§ **TASK STATEMENT**: The expected output is the set of lines below beginning at the one that contains "this 400×600 image." and ending at the final line, reproduced exactly.

Text-to-region grounding data
+ + +
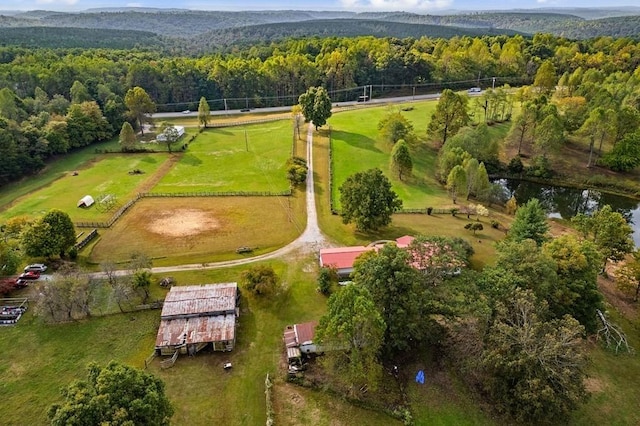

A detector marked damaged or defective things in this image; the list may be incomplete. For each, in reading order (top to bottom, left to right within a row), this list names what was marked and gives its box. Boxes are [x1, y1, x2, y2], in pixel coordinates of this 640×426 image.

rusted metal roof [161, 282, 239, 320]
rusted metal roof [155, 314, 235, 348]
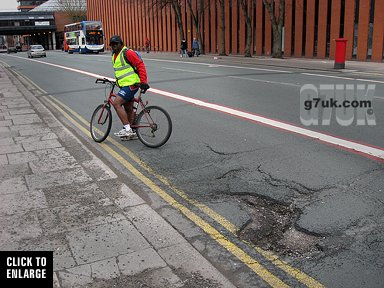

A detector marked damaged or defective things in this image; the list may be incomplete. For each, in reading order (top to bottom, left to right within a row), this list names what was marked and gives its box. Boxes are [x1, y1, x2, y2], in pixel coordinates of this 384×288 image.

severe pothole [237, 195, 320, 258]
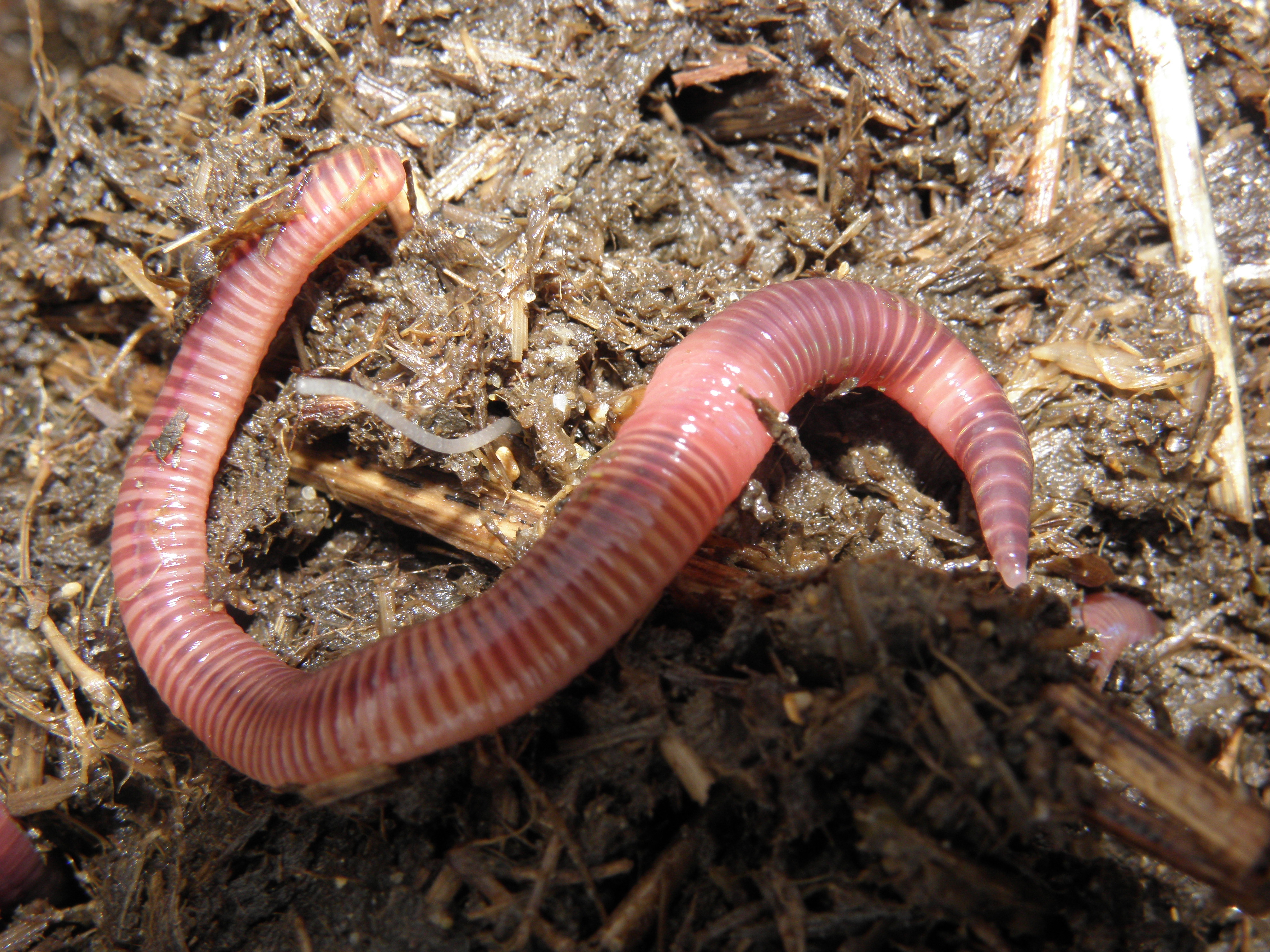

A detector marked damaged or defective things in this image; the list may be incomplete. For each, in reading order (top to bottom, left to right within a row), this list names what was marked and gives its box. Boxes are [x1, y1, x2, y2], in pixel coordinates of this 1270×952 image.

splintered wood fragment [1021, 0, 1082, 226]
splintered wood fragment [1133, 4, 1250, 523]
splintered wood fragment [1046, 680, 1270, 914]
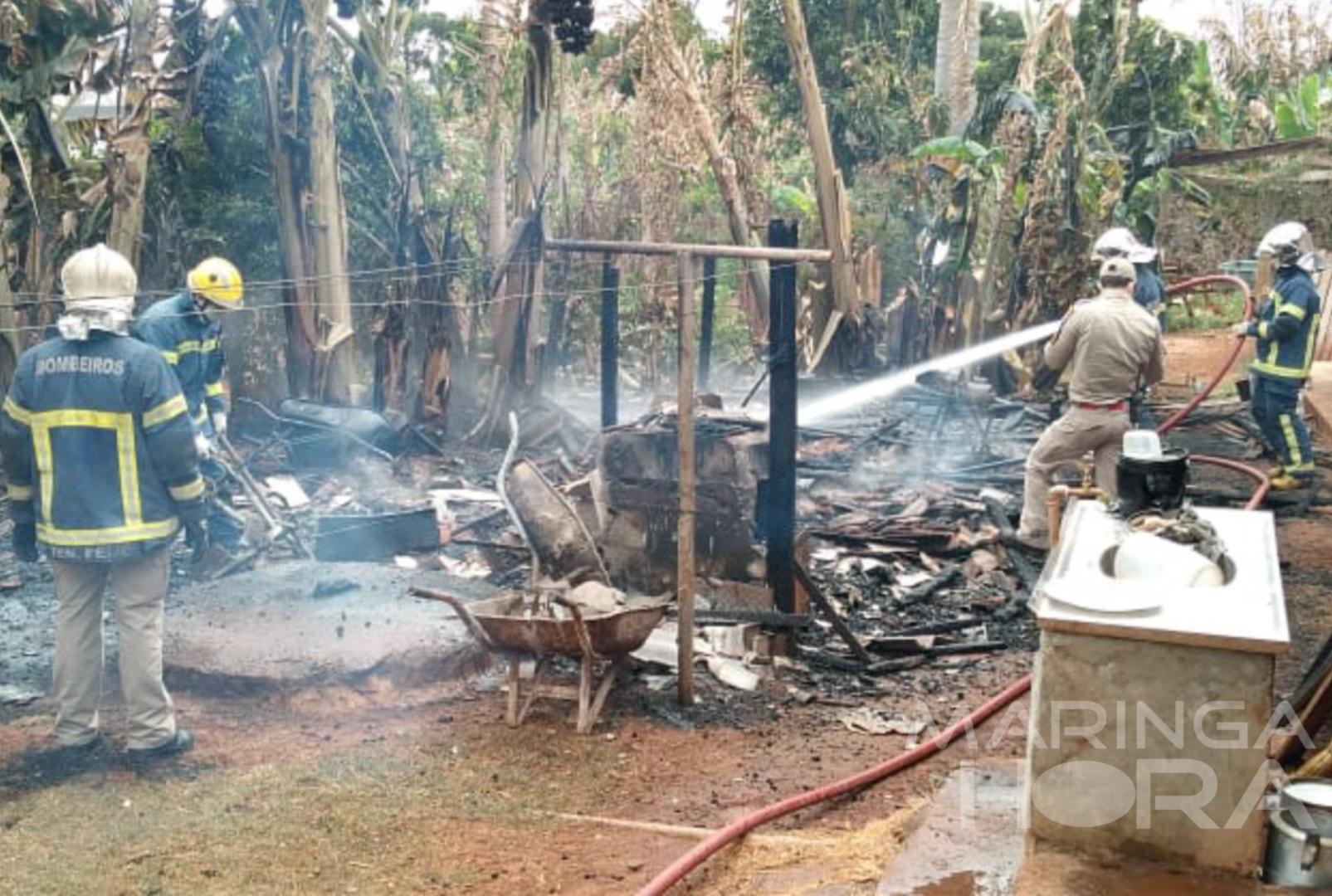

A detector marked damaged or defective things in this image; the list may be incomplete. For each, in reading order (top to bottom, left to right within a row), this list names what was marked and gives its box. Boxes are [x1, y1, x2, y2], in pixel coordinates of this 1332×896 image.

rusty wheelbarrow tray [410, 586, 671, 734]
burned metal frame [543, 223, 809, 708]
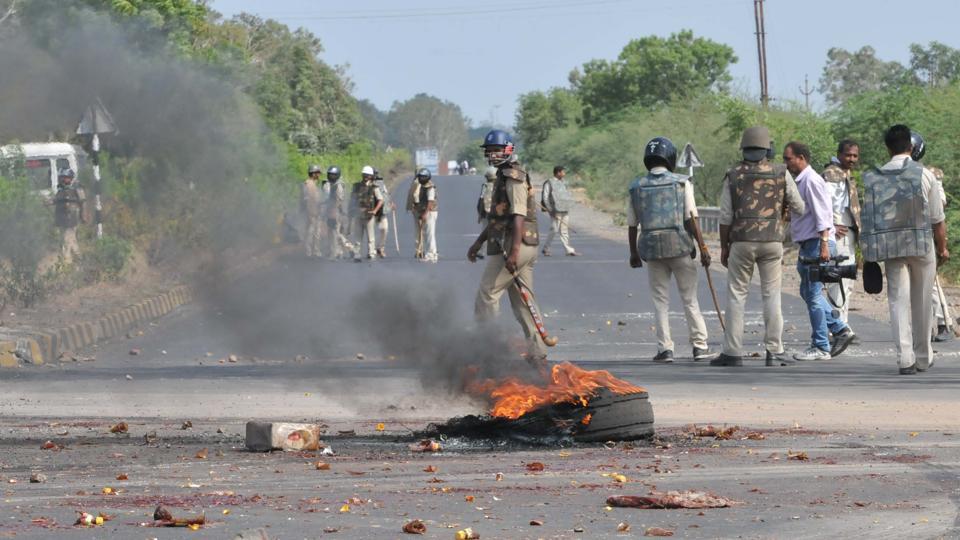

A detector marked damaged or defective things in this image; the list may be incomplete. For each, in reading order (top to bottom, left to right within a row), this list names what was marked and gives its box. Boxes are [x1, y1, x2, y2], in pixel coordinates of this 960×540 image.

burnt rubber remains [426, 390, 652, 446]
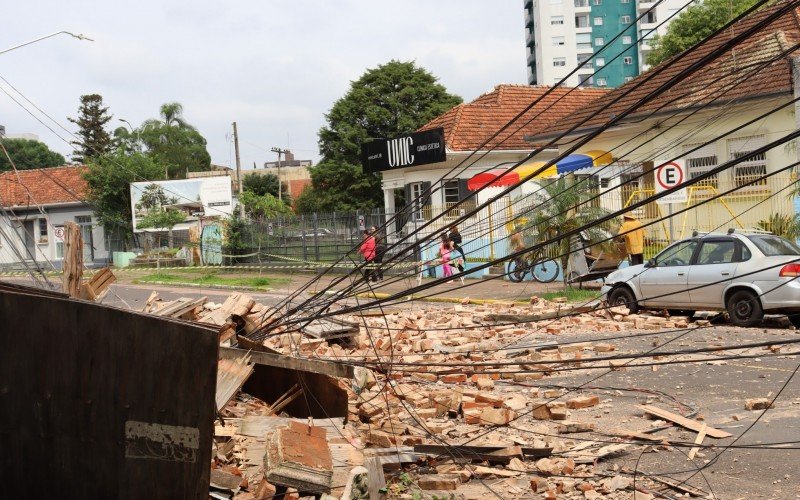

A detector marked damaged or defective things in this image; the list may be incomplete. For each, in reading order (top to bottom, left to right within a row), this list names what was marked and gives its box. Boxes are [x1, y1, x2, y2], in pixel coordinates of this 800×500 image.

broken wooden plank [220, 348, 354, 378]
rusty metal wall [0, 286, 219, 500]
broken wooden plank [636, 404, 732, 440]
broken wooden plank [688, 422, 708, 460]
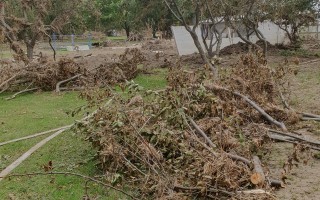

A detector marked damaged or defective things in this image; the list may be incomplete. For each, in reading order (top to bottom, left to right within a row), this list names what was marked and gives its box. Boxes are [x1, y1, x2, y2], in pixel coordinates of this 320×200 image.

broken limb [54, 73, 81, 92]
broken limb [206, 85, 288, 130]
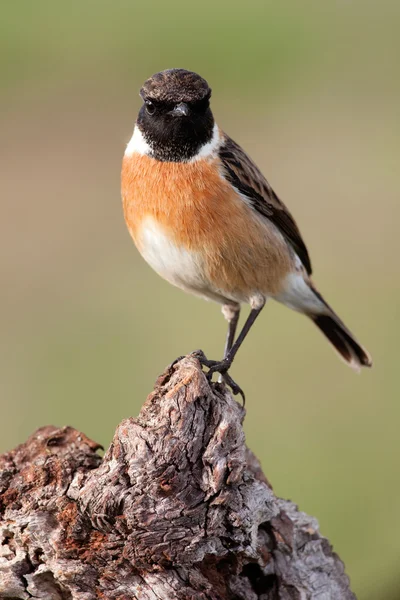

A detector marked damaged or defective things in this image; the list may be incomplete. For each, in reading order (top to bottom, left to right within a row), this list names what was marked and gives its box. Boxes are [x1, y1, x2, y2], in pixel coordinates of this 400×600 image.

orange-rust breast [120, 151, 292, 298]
+ + +
§ **EXERCISE ANSWER**:
A detector marked damaged or defective things in this image; the list may be incomplete. For each, in reading order (top to bottom, left to right within a row), this list names what was marked and gives its box. Boxes are [x1, y1, x2, y2], in pixel coordinates of this 400×600 image.

orange-rust breast [120, 151, 292, 298]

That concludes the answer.